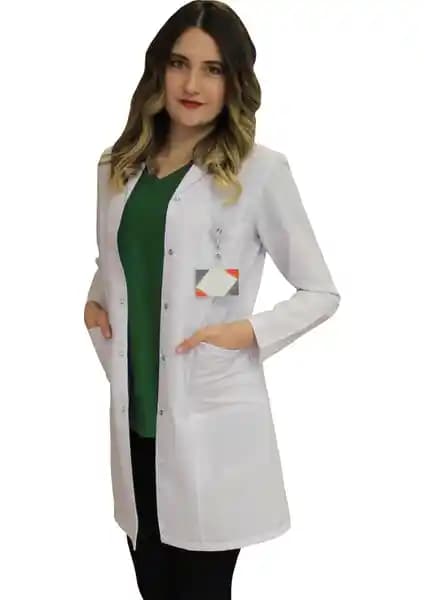 Safa Forma ve Vayvaylı Hakim Yaka Kadın Önlükleri Karşılaştırması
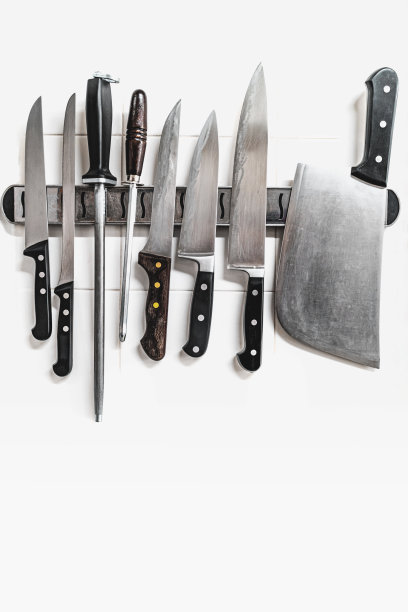 放在磁铁上的菜刀。副本的空间。图片下载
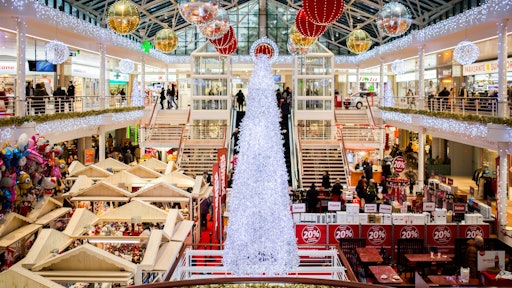 Building Christmas Tree Indoors 186613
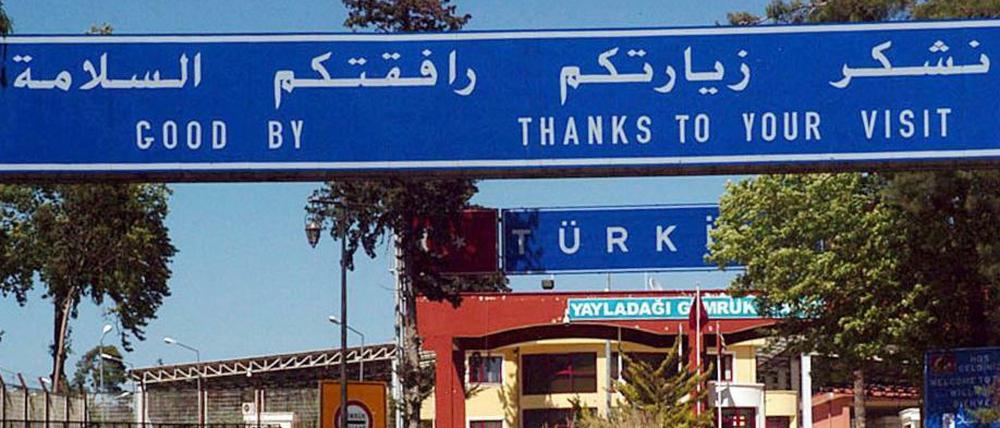 Das Foto von der Syrian Arab News Agency (SANA) zeigt einen Grenzübergang an der syrisch-türkischen Grenze, nahe der syrischen Stadt Kasab. An der mehr als 900 Kilometer langen Grenze der Türkei zu Syrien und Irak gibt es 14 offizielle Übergänge. Drei davon kontrolliert bereits die Terrormiliz "Islamischer Staat" (IS).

+===+

## Instructions for the task
Ending at the line with "Building Christmas Tree Indoors 186613", reproduce exactly the lines that begin at the top of the data, and include no pictures.

## Output
 Safa Forma ve Vayvaylı Hakim Yaka Kadın Önlükleri Karşılaştırması
 放在磁铁上的菜刀。副本的空间。图片下载
 Building Christmas Tree Indoors 186613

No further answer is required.